When I was eleven, my grandfather died and I got a writer’s block that lasted years. Death had not only halted his life, but also my ability to express myself. I had no words for this loss. It felt like he took everything that belonged to me with him. Without my consent or my knowledge. Maybe it had been attached to his life from the beginning, and I was unaware of the connection. And I felt robbed.

A double-edged affection went missing, an ambivalent grandeur, the image of him writing and contemplating wars and grief, a language between two people. I talked myself into his survival, him being in the same room with me, in the dark corner, looking at me, consoling me when I felt isolated and hopeless. But I was scared too. Scared to really conjure him up, to really see him there with me, his eyes, the horror of his tormented face that I evoked in my mind. His figure pressed against the yellow wall. Waiting for me, to move, to pick up where we left off, to re-ignite the conversation. I had called him. He was the initiator. I felt like I was unable to lead myself forward, or lead myself at all.

My sister must have known that I was crying. There was no light in my room. I didn’t need it. I wanted everything to be adapted to what I was feeling. My door was locked; that always gave me a feeling of protection and control, that I was in charge of who was worthy to be let in, that I chose to be the hostess, or not. That knockers were forced to reveal their identity to me before I said yes or no.
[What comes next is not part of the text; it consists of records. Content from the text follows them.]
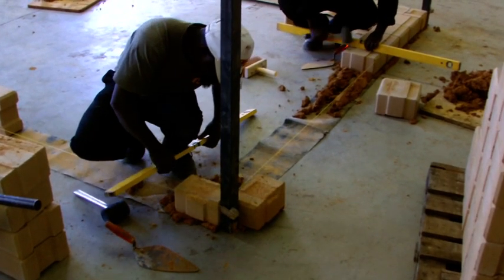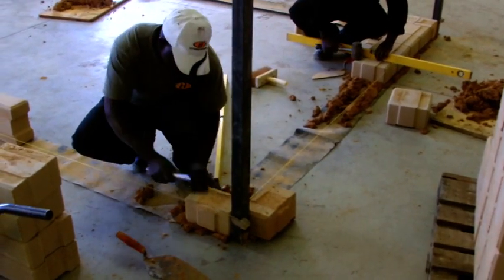The first course is the most important course. If there's any error in your first course, it will exponentially show in the walls of your building when you start building. It is thus very important that you make sure that the first course is 100% level.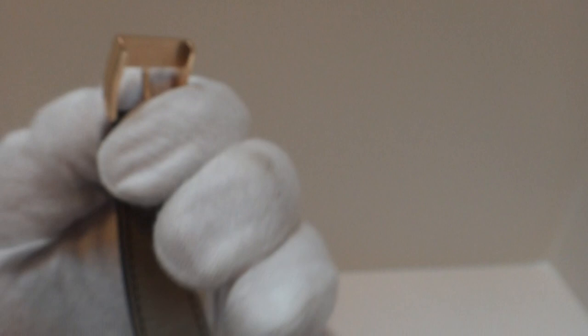Original strap, original 18-karat signed core and buckle. In summary, it's an absolutely gorgeous watch. It was very expensive when brand new. It's something different — it makes a statement. And it's a complete package with all of the boxes and papers.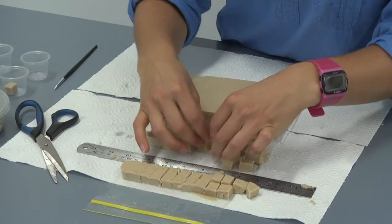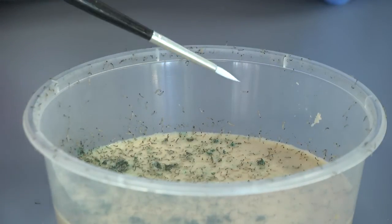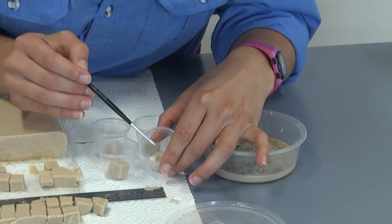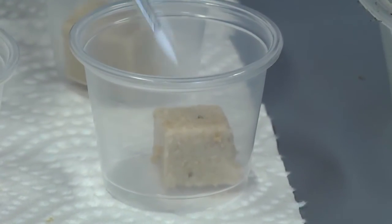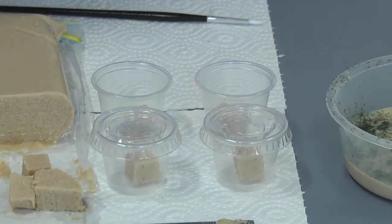Once you have your diet cut, take your rearing cups and place one cube of diet into each cup. Next, take your container of neonates or eggs. To pick up a neonate, place it on the very tip of your paintbrush, bring it over to your cup with the diet in it, and gently place the larva onto the diet by twisting the paintbrush.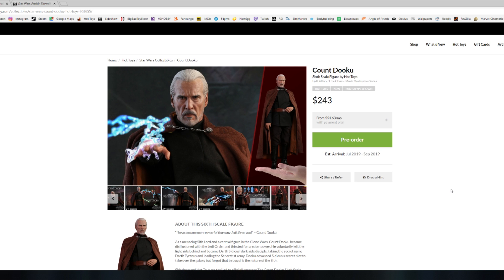Let me know in the comments below what you think of this figure. Do you like it? What do you think of the head sculpt — is it an 8.5 to 9 like it is to me? I absolutely love the expression on his face. Put it in the comments below; I'm going to be answering every single comment. Don't be a stranger on the channel!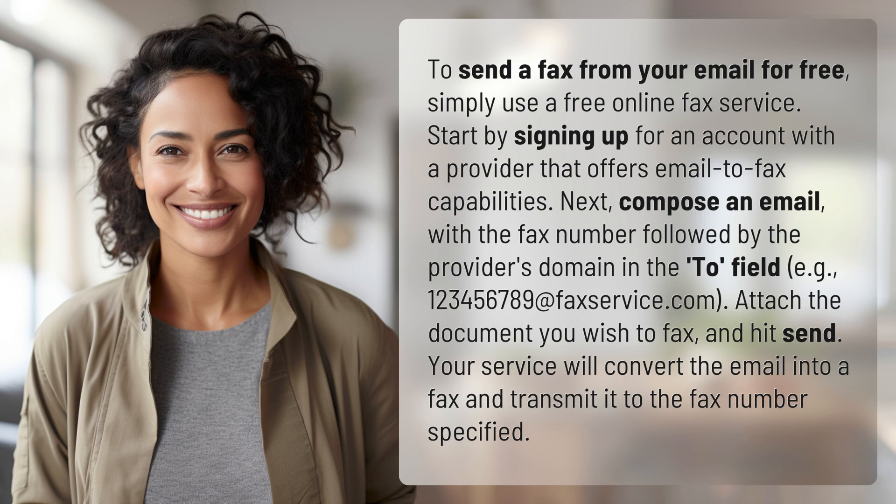123456789@faxservice.com. Attach the document you wish to fax and hit send. Your service will convert the email into a fax and transmit it to the fax number specified.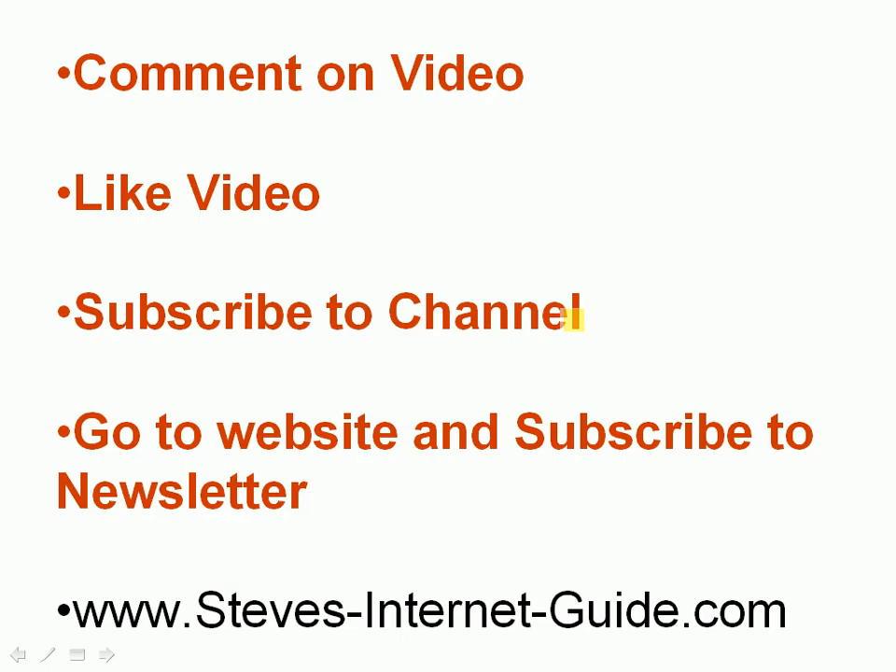That's the end of the video. If you have a comment, leave it below. If you like the video, use the Like button below. If you want to get notified of new videos, you can subscribe to the channel. Until the next time, goodbye.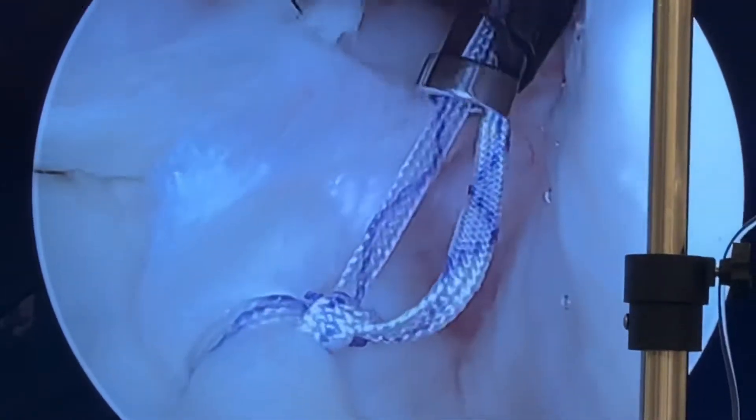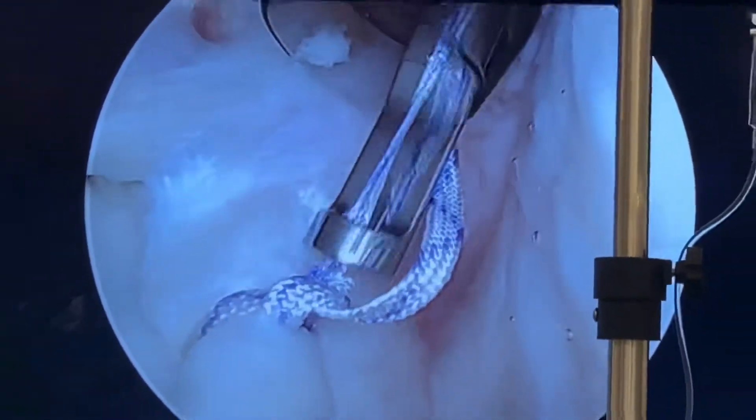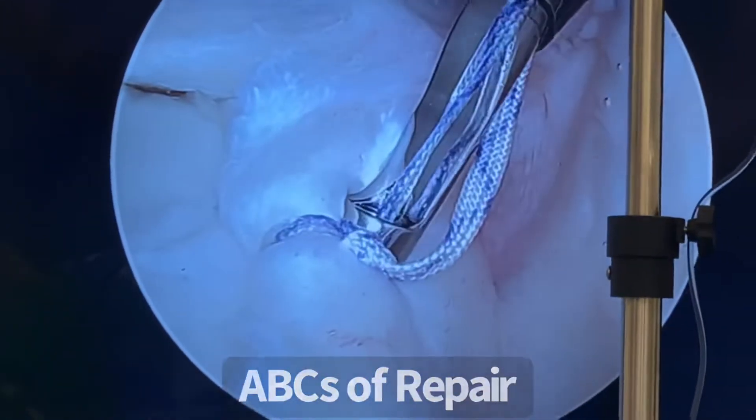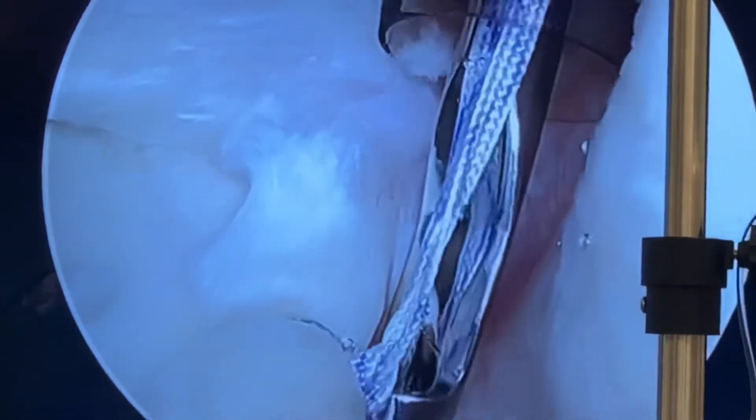Compress just enough — you don't want to choke, you don't want to strangulate, you just want to compress. Compress it up against the bone nicely like that, and then we lock it in, just like that.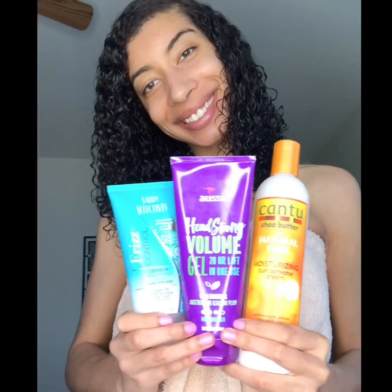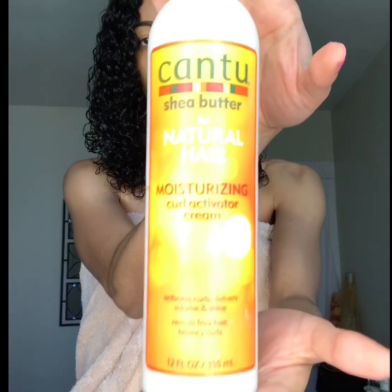Now that my hair is detangled all the way through, I can start putting the products in. The name of each product will be in the description box below. First, I'm starting with Cantu Curl Activator Cream and I'm just going to rake this product all throughout my hair.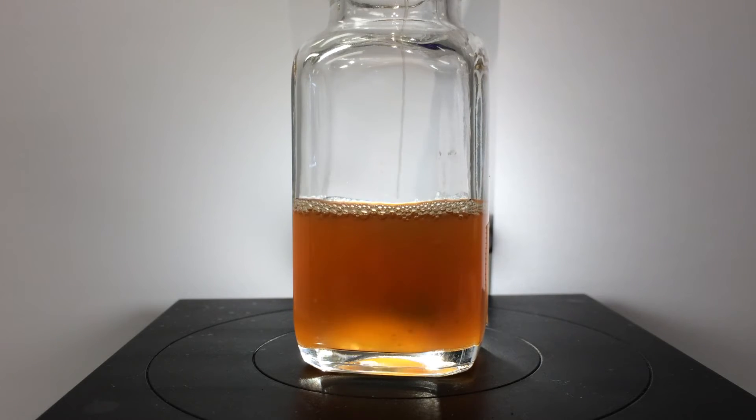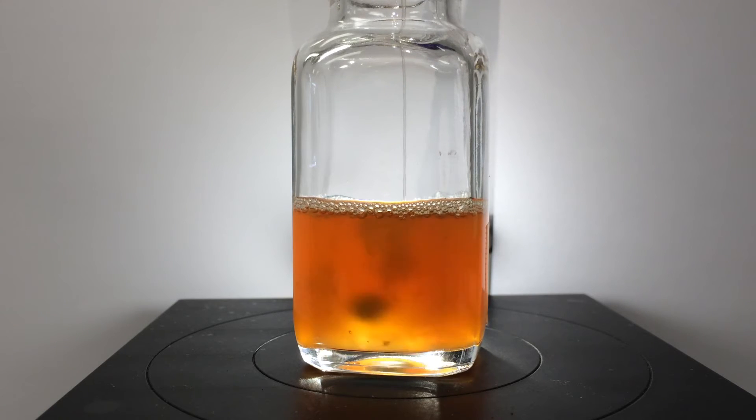We are going to add 2.5% diacid 1550 to this system under agitation, and you will see as we slowly add the diacid and it is going into solution that the system starts to clarify.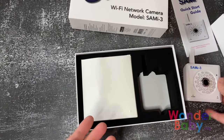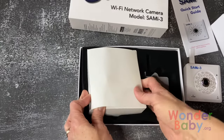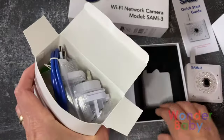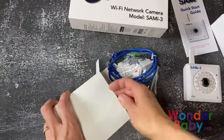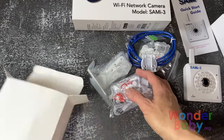We also have this box that has all of the hardware you're going to need to put your monitor together and get it set up. There's the Ethernet cable and a few other adapters.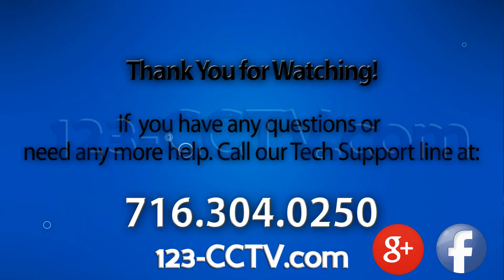If you enjoyed this video, be sure to hit that like button and subscribe to our YouTube channel, and like us on Facebook. Thank you for watching.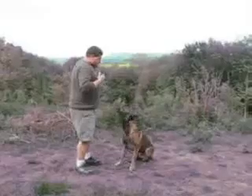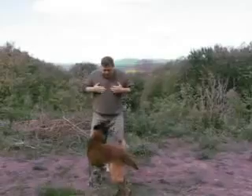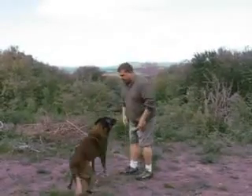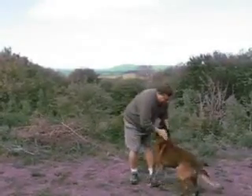Let me show you how I teach dogs and then I'll explain it to you. Watch this. Good boy. Good boy.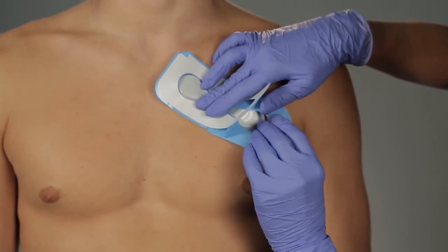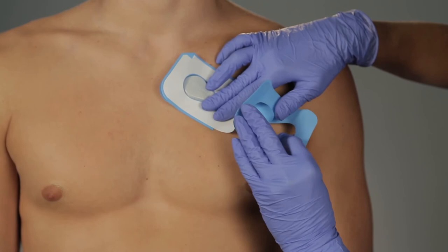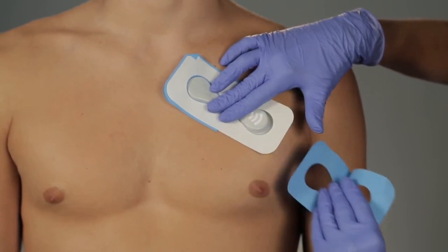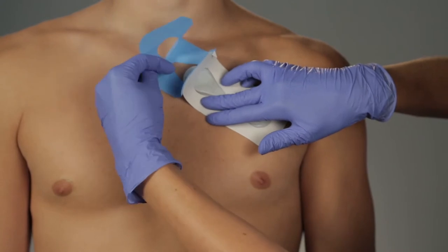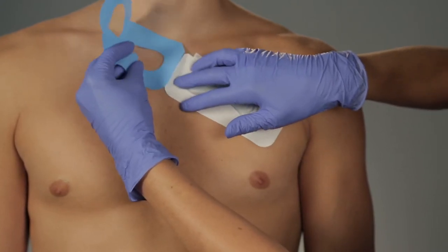Hold down one side, then gently pull the blue tab from under the overlay, pressing down on the adhesive as it meets the skin. Remove the second blue tab in the same manner. Gently press down to adhere to skin.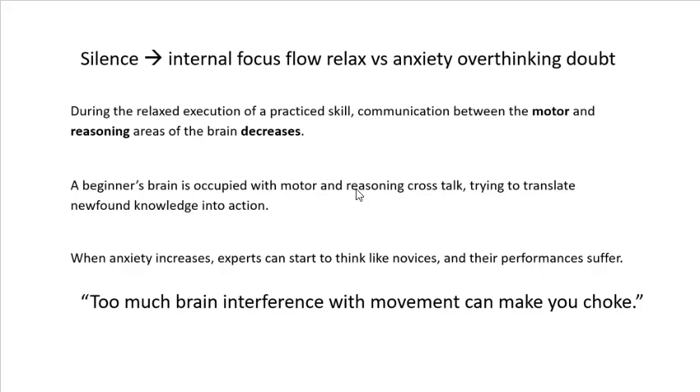Deep relaxed breathing becomes our tool for managing stress — that's why when someone's really aggravated, you say take a deep breath. When you get upset, take that deep breath and try to calm things down. What you're trying to do is get to a relaxed execution of the skill. It's got to be a practiced skill, not a new one. You want to make sure the communication between the motor and reasoning areas of the brain — the subconscious and the conscious — decreases. Let that autonomous robot take over instead of you trying to consciously control every action.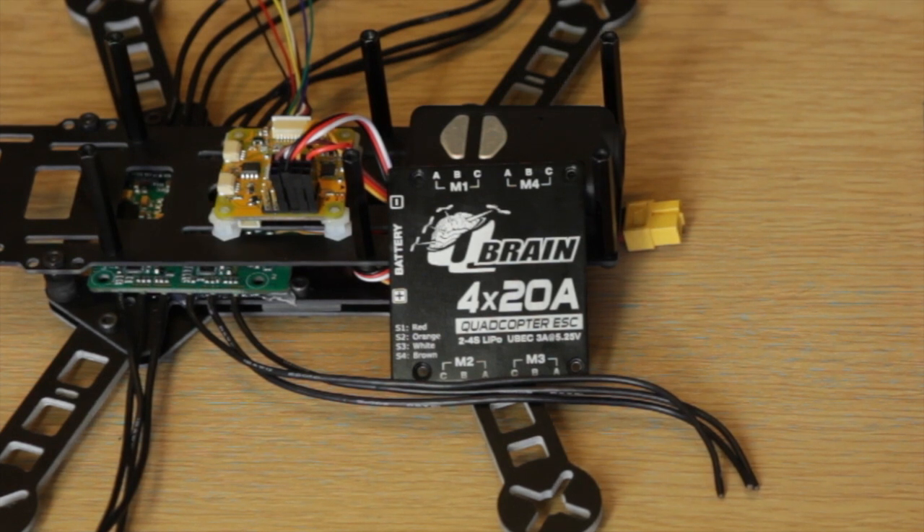On the front of the Qbrain it actually tells you: signal one is red, signal two is orange, signal three — which carries the power to the board — is white, and signal four is brown. The CC3D is all marked up so you don't have to guess which number is which, so that step was really easy.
That was my solace. My parents hated it when I locked myself in, but I had good reasons, it was a helpless effort to keep certain things at bay, to give myself space and possibly a prison. I exiled myself.

My sister would ask me what was wrong. I wouldn’t speak, I felt tongue-tied, as if I had nothing to say, ever, anymore, as if I had not been allowed to speak for several reasons. I felt observed and judged. In the limelight of a dead person. My sister and I exchanged notes written on a small piece of paper, shoved under the door. I would only use the weak light that came through the slot. I told her that he was in here with me. She asked, who. I told her, him. I can’t remember what she said, maybe that it couldn’t be, that he was dead and it’s over now and that I was scaring her, I don’t know. She felt my desperation and need for someone to pull me out of there, out of my mind and imposed guilt. The swooshing of the note brought me back to reality and I was afraid of myself, the power of my imagination, his breath on my neck. I can’t remember the exchanged words between my sister and I, but she was there for me. As I turned the light back on, my room felt surreal.

The death of my grandfather and my ensuing writer’s block are connected, I just never understood how. I think my imagination had the power to awake the dead. The suffering. What I had conquered. The liberation death had provided. I thought in my imagination I would meet him, again and again, in many forms, never to be able to escape all these feelings that choked me more than motivate me. I was sure he would be there, persist, stare at me, begging, not letting me off the hook, he would never be silent and I evoked a desert in my mind to be finally alone, all my emotions aligned without having to say a word or justify myself. I think, then, he resigned, pained, surely, and did what was probably best for me, leave me alone until my own words and thoughts came back to me and I lost the fear to put them on paper.